Alternatively, the notification may include a portion or all of a
relevant document, possibly in its original format. For example, an
audio or video signal may be streamed to the user or a text
document may be sent to the user.
Exemplary Processing
[0058] FIGS. 7 and 8 are flowcharts of exemplary processing for
providing information relating to an event of interest according to
an implementation consistent with the principles of the invention.
Processing may begin with a user generating a user profile. To do
this, the user may access server 150 in a conventional manner
using, for example, a web browser on client 170. The user may
interact with server 150 to provide a title and one or more example
documents that describe an event for which the user would be
interested in receiving information. In other words, the user
desires to know when future information is created or broadcast
that relates to the event described by the title and the example
document(s).
[0059] As described above, it may be beneficial to provide
sufficient words (e.g., two to four thousand words) that describe
the event. These words may be located in one or more example
documents. The user may obtain the example documents by whatever
means and provide them in electronic form (or links to them) to
server 150. For example, the user may copy a news article from a
newspaper's web site, scan a magazine article, or type in or
otherwise input text. It may also be possible for the user to
provide an audio or video clip to server 150. In this case, server
150 may send the clip through the appropriate indexers 120 to
obtain a transcription of the clip.
[0060] To facilitate the user's interaction with server 150, client
170 may present a graphical user interface (GUI) to the user. FIG.
9 is an exemplary diagram of a GUI 900 according to an
implementation consistent with the principles of the invention. GUI
900 may include buttons 910 associated with creating an event,
adding examples to an event, and removing an event. GUI 900 may
also include information describing existing events 920 (i.e.,
events for which the user has already provided a title and/or
example document(s)). Each of existing events 920 may be identified
by the title provided by the user for the event.
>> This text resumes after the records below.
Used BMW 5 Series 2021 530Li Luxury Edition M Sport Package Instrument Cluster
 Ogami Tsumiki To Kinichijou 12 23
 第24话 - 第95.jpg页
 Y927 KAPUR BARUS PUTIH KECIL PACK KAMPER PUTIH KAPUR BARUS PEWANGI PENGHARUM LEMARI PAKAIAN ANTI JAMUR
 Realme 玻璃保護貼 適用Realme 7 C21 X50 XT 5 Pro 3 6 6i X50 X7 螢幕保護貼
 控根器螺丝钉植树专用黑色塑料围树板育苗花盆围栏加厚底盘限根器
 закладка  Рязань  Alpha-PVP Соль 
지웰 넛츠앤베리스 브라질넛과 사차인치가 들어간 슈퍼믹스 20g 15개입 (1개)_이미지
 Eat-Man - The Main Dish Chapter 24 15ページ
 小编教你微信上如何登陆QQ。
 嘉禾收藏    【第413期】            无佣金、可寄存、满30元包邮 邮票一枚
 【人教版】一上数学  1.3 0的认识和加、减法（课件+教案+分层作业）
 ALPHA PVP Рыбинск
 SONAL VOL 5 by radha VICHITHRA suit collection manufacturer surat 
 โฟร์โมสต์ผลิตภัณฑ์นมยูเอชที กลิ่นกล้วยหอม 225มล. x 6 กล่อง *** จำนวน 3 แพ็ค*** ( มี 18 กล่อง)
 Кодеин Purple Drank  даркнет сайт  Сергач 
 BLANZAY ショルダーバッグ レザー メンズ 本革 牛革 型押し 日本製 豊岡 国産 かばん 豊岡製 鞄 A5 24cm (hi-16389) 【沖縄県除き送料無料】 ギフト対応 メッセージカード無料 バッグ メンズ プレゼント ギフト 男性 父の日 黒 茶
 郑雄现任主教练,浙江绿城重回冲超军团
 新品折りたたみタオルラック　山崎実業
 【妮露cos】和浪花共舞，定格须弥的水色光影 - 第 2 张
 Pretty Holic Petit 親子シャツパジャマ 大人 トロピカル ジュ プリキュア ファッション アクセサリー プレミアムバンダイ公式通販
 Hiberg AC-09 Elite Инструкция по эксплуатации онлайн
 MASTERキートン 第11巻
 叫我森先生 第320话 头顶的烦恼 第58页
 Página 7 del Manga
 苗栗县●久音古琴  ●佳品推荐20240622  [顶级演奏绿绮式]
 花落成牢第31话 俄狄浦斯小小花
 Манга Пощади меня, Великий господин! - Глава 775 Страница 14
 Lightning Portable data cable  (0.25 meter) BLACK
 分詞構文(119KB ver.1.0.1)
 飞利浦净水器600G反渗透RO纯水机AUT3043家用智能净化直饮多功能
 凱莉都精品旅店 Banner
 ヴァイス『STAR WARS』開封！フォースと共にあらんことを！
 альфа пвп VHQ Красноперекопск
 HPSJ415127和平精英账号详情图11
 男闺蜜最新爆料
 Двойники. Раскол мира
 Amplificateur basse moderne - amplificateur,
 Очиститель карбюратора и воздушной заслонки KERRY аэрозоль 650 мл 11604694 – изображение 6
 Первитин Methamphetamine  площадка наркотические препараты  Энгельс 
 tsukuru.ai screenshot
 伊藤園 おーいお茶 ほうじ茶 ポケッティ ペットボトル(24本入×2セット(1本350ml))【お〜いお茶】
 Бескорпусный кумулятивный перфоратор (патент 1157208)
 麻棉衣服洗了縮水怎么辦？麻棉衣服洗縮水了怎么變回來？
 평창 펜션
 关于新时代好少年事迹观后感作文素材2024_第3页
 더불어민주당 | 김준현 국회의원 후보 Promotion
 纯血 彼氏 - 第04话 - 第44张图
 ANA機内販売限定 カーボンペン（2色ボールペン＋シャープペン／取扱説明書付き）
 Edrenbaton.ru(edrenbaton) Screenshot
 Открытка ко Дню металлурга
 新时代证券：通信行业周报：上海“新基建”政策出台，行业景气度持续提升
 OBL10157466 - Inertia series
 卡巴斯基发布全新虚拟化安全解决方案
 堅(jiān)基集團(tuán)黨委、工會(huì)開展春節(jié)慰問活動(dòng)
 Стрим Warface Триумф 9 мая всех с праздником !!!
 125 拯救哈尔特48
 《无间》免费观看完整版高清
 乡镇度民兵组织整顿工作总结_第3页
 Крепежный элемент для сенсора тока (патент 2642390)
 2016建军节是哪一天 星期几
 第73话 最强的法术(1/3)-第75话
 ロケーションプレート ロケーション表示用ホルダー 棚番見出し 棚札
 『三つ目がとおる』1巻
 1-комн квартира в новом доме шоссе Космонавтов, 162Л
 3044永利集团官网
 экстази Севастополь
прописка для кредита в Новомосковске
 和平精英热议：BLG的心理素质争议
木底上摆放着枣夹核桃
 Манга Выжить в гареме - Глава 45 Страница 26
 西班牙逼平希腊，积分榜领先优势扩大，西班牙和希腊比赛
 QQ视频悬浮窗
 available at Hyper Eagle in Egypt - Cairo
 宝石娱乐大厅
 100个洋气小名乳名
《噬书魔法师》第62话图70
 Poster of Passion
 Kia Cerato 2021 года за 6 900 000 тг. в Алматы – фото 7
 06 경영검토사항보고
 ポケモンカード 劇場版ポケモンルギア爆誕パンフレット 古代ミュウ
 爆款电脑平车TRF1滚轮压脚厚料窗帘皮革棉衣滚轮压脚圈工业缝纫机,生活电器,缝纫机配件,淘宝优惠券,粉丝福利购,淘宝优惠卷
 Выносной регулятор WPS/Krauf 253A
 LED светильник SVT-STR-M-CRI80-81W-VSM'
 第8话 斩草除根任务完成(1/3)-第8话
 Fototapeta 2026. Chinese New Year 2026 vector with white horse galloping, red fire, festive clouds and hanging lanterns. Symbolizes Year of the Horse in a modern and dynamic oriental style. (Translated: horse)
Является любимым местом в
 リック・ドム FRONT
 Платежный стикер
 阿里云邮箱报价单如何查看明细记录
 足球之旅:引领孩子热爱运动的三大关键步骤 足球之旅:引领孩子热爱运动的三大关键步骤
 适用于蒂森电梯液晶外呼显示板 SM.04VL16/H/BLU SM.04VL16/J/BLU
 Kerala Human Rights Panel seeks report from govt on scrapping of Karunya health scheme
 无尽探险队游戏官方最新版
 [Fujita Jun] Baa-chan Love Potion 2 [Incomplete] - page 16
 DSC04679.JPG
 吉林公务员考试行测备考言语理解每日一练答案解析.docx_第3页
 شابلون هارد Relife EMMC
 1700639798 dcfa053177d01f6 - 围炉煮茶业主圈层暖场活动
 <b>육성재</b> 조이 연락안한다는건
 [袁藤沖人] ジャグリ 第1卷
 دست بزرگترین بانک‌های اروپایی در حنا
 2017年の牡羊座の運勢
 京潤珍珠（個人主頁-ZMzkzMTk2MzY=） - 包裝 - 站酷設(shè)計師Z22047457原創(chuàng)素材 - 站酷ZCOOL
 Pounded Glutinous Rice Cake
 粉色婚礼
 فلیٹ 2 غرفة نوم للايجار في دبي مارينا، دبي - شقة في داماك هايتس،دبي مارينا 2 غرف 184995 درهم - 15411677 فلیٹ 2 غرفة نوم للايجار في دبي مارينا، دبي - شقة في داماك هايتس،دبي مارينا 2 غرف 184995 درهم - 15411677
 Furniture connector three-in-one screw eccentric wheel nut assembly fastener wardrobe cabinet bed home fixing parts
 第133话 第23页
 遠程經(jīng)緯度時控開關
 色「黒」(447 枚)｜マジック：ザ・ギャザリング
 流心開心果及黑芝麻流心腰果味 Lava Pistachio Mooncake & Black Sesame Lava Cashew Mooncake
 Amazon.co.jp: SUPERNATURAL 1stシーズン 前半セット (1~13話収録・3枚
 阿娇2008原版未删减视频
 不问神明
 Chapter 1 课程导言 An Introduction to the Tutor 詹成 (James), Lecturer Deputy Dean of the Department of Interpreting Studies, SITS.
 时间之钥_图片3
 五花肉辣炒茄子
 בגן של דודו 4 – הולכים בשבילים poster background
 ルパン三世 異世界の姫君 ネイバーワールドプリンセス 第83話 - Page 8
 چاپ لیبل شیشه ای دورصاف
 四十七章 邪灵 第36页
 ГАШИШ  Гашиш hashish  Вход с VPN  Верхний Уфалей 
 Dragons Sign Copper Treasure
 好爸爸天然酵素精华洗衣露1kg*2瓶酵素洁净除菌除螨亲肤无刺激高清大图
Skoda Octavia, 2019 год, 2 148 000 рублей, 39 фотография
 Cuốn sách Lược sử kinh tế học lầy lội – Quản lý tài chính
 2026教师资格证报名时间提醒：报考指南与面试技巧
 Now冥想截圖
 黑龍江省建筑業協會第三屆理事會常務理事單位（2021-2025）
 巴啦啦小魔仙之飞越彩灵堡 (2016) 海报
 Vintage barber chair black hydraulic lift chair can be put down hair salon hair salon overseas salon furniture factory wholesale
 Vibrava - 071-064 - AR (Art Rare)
[0061] If the user wants to create an event, the user may select
the create an event button. The user may, thereafter, provide a
title for the event and add example documents that describe the
event. The title may be used for later retrieval of information
relating to the event. If the user wants to remove an event, the
user may select one of existing events 920 and then select the
remove an event button. If the user wants to add example documents
to an already existing event, the user may select one of existing
events 920 and then select the add examples button. The user may,
thereafter, add one or more documents that define the event.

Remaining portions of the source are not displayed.